On 04/23/2015 06:00 PM, David E. Jones wrote:
An FYI for all committers: create an account on GitHub (if you don't already
have one) and add your @apache.org email address to it, and within a few hours
you'll show up in the contributor graphs. I tried this and am now showing up
there:
https://github.com/apache/ofbiz/graphs/contributors
If nothing else it's entertaining, I had no idea that I had this volume of
commits since OFBiz joined the ASF (750k lines added, 135k lines removed; note
that changes to lines show up in both counts).
I only did this myself yesterday, after Ean mentioned it. I've actually
been on github for a bit now. But, with my @apache.org email attached
to my account, it might actually improve my standings.
FYI, I believe that large spike that is at the start of my graph(I'm
eigood, which is doogie backwards), is when I was committing the
generics markup.
On a side note, my commit count is relatively low... ie most commits with a
larger number of changes.
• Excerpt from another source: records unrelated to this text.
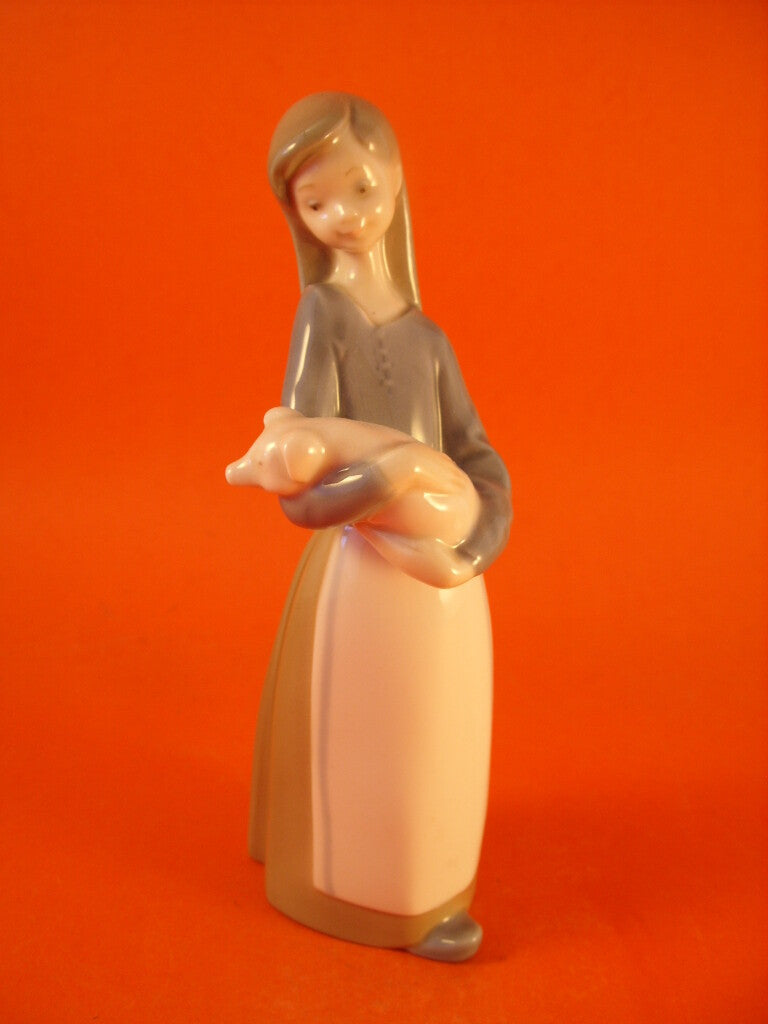 Statuina in "Ragazza con Maialino" Cod 1011 porcellana pezzo da collezione, 17 cm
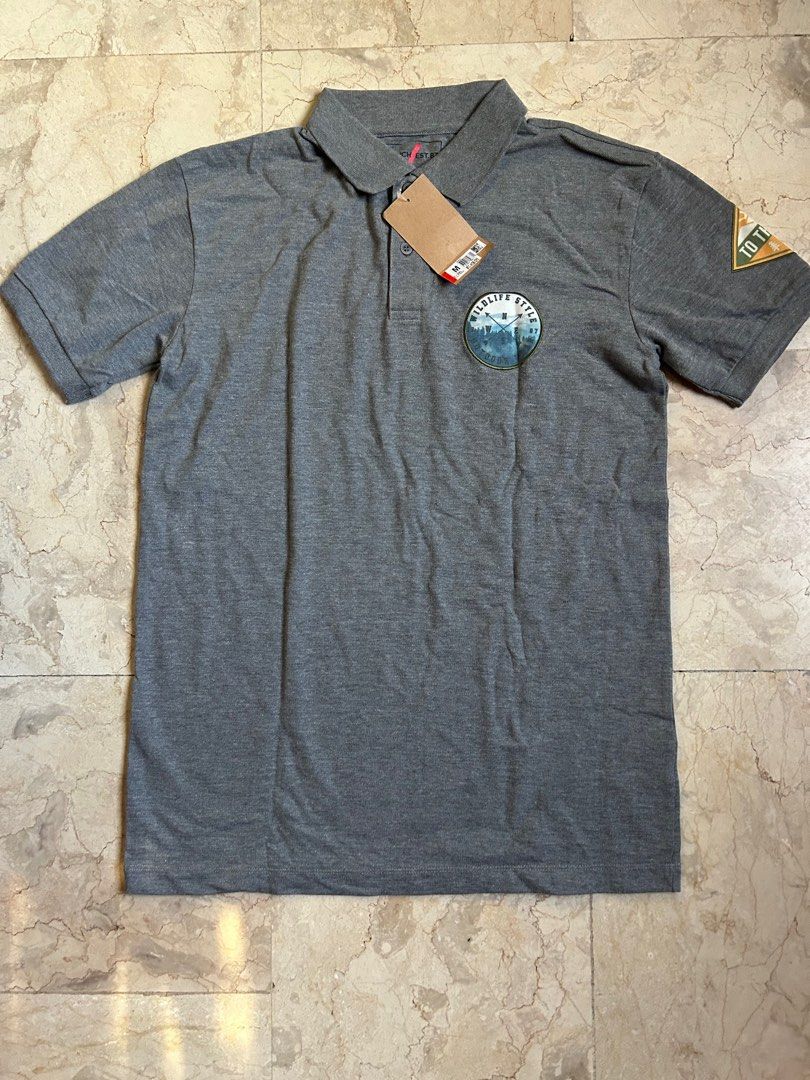 Bench Polo Shirt (Category: Tshirts & Polo Shirts ) located in Muntinlupa City. Submitted by wavesofara (Listing ID 1392389917, Image 2). Description: Never been used! With tags :)) Fits M-L 5’5-5’9 Brand new.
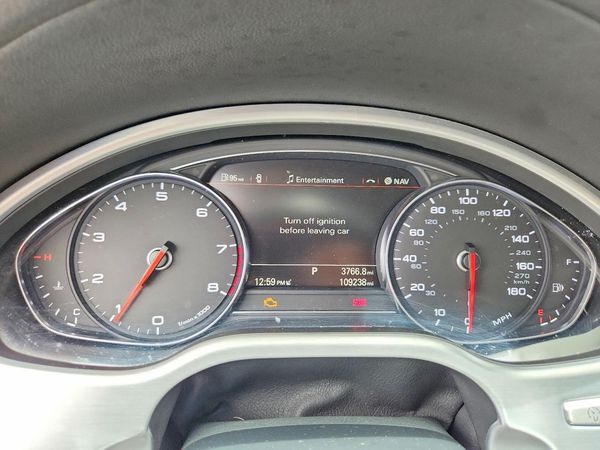 2015 AUDI A8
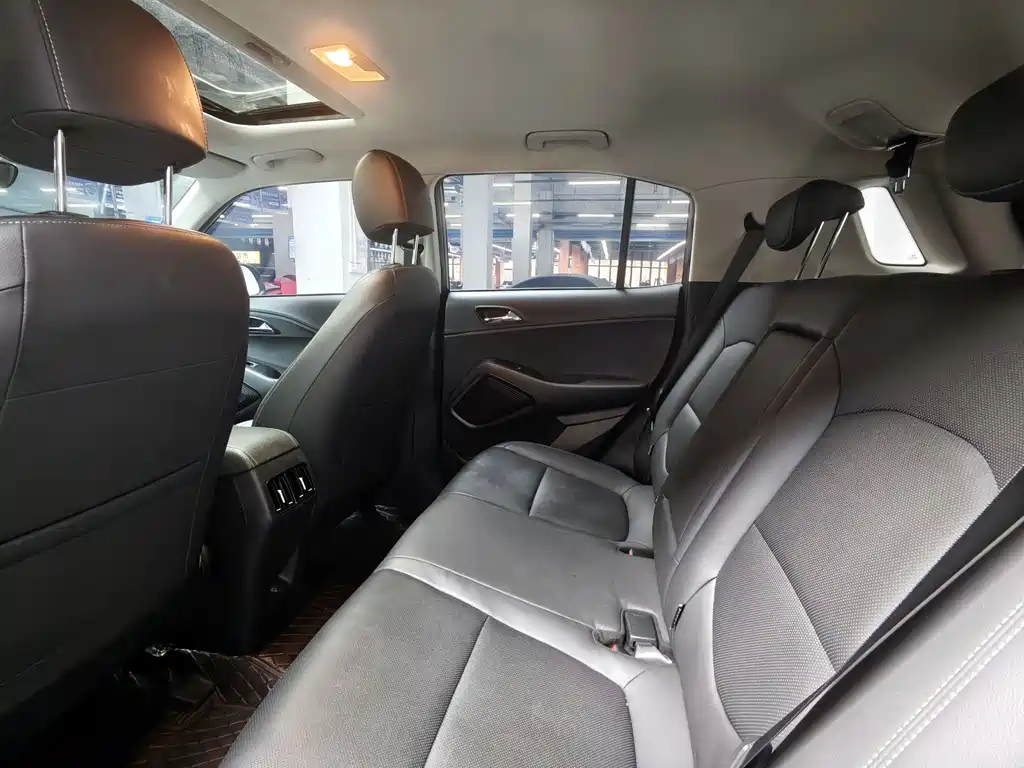 Beijing Hyundai ix35 2021 2.0L automatic two-wheel drive GLS leading version купить на сайте DeffCars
I remember working more than way before using git...
perhaps with its explicit approach to saying which files to include it
encourages that more (unless you use git commit -a), or perhaps for other
reasons my habits have changed.
It's not just that you can selectively pick which files; git add -i
allows you to selectively choose chunks.
I don't get nearly as fancy as what Adam described recently with his rebase
approach, but to his point I find my commits being much cleaner and better
organized.
I split up my work into smaller commits(lines-per-commit is smaller), so
that it allows others to review it easier.